Meeting of AECB Wales Group to Gloesgerddyn, Powys
AECB members and guests recently visited Gloesgerddyn, a nearly completed retrofitted house and extension. They were joined by;
- The builder – Guy Walker of Builth Builders
- The installers of the Biomass system and PVs – Guy Neale of Berenewable.com
- The architect and long standing AECB Member – Nick Salt
- The Client – Anne Morgan
Nick gave a slide show showing the building work as it progressed. The building was not complete which was a bonus as it was useful to see the work in progress.

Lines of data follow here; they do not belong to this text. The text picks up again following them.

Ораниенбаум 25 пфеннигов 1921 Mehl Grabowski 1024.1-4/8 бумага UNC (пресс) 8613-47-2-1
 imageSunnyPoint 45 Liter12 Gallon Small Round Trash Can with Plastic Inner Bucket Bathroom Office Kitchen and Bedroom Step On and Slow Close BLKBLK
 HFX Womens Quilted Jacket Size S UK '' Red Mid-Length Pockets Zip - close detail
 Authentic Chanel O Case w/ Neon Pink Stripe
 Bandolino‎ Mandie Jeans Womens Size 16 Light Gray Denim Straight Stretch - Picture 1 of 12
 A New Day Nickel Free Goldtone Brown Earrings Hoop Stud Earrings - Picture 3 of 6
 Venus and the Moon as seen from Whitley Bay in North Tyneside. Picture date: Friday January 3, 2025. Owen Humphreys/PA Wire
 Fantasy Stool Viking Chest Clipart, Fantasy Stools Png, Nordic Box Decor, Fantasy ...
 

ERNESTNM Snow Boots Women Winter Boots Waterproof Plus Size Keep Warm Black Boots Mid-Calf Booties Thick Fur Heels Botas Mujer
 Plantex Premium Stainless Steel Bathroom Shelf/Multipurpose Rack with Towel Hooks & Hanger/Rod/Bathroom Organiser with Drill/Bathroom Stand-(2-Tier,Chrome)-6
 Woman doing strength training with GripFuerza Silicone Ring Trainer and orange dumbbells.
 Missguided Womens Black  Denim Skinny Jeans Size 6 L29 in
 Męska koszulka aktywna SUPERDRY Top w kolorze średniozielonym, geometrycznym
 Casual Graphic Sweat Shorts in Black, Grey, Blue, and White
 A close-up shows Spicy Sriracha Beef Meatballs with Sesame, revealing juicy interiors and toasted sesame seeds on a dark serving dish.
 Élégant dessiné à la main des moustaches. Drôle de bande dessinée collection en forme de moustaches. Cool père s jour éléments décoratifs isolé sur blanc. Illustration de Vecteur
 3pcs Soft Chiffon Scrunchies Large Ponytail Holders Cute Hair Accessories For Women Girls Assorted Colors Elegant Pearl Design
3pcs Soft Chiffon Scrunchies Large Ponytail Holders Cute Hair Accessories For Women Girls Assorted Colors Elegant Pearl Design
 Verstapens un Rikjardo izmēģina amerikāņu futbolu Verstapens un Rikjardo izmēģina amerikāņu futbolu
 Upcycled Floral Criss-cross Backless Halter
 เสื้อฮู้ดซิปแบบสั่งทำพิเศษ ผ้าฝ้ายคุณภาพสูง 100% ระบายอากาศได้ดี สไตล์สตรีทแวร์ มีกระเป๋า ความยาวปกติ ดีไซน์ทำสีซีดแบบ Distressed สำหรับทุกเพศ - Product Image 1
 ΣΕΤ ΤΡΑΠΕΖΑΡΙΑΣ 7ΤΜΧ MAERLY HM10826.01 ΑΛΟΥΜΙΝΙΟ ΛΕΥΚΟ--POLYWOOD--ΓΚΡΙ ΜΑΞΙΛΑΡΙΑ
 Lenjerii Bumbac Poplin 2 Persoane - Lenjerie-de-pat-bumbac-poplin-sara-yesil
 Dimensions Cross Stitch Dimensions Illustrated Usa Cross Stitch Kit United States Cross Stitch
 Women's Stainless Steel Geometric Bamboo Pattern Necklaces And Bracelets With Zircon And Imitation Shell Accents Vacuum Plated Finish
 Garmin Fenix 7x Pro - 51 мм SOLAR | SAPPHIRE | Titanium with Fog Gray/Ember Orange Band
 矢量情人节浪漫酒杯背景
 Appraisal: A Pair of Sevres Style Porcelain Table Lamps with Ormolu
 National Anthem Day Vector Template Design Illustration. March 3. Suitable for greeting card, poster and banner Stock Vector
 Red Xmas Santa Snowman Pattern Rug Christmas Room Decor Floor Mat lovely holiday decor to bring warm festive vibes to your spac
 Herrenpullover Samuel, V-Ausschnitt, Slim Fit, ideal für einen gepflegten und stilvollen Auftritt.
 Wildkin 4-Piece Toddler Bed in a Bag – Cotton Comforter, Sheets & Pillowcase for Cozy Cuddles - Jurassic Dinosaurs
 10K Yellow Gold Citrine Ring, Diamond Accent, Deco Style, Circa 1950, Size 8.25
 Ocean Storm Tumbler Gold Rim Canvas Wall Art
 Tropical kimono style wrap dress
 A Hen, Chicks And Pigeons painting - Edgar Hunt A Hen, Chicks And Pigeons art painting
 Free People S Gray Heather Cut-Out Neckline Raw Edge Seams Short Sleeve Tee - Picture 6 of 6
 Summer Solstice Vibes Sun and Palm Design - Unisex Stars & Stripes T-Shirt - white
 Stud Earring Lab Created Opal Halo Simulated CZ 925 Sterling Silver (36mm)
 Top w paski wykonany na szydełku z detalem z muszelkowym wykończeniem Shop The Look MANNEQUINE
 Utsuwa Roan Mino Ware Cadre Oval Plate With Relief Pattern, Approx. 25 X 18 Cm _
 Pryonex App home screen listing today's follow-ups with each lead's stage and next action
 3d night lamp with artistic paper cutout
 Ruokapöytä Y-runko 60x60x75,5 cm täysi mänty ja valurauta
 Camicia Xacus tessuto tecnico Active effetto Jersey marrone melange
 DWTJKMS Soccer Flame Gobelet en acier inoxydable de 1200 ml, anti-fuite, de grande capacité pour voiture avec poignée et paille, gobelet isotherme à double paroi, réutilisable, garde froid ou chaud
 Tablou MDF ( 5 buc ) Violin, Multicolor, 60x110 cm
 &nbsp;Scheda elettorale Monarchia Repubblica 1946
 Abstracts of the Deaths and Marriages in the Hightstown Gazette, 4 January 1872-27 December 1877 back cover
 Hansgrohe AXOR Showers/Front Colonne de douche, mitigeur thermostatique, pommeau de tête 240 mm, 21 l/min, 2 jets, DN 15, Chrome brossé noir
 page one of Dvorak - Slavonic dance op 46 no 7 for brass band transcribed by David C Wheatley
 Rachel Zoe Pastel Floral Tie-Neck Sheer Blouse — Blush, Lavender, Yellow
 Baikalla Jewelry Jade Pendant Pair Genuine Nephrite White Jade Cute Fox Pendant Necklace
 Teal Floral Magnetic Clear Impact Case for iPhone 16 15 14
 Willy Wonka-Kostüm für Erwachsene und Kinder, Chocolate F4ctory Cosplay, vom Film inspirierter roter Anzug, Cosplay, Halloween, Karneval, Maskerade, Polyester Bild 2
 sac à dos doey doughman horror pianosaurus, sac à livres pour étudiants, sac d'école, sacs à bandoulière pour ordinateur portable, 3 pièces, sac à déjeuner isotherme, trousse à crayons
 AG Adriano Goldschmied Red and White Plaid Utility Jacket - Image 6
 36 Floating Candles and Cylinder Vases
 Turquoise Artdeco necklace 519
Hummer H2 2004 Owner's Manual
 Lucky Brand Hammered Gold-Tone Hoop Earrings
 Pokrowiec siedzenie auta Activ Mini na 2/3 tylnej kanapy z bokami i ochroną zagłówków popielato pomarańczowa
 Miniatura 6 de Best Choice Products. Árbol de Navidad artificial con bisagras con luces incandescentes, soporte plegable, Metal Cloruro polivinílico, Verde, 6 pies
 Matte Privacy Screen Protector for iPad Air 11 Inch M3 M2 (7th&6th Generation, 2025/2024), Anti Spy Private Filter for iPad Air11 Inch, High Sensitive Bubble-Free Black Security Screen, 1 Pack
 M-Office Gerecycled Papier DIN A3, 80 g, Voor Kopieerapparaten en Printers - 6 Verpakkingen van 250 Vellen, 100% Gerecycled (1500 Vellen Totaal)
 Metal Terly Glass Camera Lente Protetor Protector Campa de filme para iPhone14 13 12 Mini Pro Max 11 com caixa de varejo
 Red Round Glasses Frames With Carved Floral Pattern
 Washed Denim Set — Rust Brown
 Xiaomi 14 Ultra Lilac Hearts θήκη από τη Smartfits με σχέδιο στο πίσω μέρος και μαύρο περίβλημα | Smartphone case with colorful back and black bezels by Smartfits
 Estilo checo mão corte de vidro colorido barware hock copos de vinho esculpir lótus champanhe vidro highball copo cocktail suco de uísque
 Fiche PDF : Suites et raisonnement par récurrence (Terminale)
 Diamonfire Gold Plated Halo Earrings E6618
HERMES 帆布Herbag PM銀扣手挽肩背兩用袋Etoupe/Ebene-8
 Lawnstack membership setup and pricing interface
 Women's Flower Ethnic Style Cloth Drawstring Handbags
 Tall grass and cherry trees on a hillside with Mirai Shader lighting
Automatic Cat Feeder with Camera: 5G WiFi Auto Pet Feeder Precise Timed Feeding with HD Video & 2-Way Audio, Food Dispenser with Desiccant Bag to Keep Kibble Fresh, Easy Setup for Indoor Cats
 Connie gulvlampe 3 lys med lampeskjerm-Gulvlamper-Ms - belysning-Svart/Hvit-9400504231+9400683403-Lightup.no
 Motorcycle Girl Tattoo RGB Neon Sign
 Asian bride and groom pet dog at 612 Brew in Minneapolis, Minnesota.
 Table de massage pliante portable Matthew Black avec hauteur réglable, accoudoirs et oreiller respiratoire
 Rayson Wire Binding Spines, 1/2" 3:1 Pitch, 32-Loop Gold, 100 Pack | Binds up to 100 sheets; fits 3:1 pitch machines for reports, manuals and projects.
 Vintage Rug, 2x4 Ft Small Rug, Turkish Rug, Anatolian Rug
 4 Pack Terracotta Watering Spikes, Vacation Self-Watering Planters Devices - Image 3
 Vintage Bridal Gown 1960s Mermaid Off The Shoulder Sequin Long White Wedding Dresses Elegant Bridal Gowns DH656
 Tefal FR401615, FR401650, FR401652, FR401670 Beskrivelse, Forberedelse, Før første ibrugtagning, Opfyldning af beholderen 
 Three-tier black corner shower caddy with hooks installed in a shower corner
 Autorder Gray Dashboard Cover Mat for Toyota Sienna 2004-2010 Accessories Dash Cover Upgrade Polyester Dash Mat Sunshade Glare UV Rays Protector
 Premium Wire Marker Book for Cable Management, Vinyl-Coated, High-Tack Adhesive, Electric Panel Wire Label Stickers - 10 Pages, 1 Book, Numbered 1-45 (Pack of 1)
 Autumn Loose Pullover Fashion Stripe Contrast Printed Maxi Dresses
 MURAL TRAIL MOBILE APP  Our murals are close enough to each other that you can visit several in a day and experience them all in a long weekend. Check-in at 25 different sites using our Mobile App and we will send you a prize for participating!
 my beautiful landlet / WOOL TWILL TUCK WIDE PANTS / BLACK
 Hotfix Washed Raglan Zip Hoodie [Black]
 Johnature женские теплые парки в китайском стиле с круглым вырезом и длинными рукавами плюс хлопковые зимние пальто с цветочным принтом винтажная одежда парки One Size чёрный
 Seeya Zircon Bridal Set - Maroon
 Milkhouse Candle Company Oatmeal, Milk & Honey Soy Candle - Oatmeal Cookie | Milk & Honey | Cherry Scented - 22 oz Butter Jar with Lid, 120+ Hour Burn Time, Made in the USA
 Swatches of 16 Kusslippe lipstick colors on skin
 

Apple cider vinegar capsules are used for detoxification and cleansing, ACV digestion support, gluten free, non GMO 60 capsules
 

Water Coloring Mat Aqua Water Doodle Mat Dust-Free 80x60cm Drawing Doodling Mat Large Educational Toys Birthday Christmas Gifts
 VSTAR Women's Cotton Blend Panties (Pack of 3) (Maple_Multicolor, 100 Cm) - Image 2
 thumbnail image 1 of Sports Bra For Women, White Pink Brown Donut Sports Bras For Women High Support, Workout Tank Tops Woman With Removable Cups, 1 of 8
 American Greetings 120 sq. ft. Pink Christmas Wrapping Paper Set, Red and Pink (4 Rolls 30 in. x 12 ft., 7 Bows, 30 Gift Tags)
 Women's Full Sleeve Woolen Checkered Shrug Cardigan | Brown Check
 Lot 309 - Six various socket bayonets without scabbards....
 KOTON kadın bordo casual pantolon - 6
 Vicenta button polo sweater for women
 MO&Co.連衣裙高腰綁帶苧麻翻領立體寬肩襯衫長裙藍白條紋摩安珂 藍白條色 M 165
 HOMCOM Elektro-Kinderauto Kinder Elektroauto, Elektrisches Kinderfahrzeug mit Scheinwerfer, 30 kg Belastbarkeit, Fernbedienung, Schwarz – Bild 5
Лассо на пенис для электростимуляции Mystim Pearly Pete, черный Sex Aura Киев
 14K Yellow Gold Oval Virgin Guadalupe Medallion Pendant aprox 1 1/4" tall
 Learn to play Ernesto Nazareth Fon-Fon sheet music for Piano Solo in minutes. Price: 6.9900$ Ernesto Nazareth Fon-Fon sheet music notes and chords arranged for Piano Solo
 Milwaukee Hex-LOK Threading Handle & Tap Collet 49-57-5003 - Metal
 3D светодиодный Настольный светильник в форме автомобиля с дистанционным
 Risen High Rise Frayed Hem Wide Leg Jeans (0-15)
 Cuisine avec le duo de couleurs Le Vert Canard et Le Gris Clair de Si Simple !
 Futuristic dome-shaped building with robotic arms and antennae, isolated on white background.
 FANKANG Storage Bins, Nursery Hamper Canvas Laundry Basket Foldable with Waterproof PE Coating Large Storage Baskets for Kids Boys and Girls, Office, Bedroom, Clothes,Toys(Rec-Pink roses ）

The house is situated in the village of Llandefaelog Fach, a few miles north of Brecon. It was originally the small two-storey gatehouse to nearby Llandefaelog House, built during the 19th century in solid grey stone with a slate roof, onto which rendered block-work extension had been added in the 1990s. Luckily the house had not been listed along with the nearby main house and stable block, which helped ease the planning situation.
The starting point of the design brief was to convert, retrofit and extend the gatehouse to provide a comfortable and convenient home for Anne and her ageing mother. The solution reached was to add a generous and sympathetic two-storey extension, providing a 165% increase in floor area. The new extension is timber-framed, with a rendered block-work external skin, a slated roof and good levels of insulation with Warmcell and Kingspan. The walls and roof of the original house have also been retrofitted with internal insulated dry linings. The new and existing floor slabs in both areas have also been well insulated. New, high quality double-glazed windows and doors have been fitted into the whole building. There are unexpectedly good and interesting views in most directions, including the distant Hay Bluff and Brecon Beacons. The lean-to Boiler Room on the back of the extension contains all the main heating equipment, plumbing and controls, including a Windhager biomass boiler, fed with wood pellets by air pressure from a storage hopper below. This is all very visible and accessible. and makes a good drying room and garden shed. The extended house is now heated by a combination of under-floor pipes, radiators and a central wood-burning stove. PV panels cover most of one side of the extension roof and are completely hidden from the front elevation view.
The building work started in June 2015, and is expected to be completed during March 2016.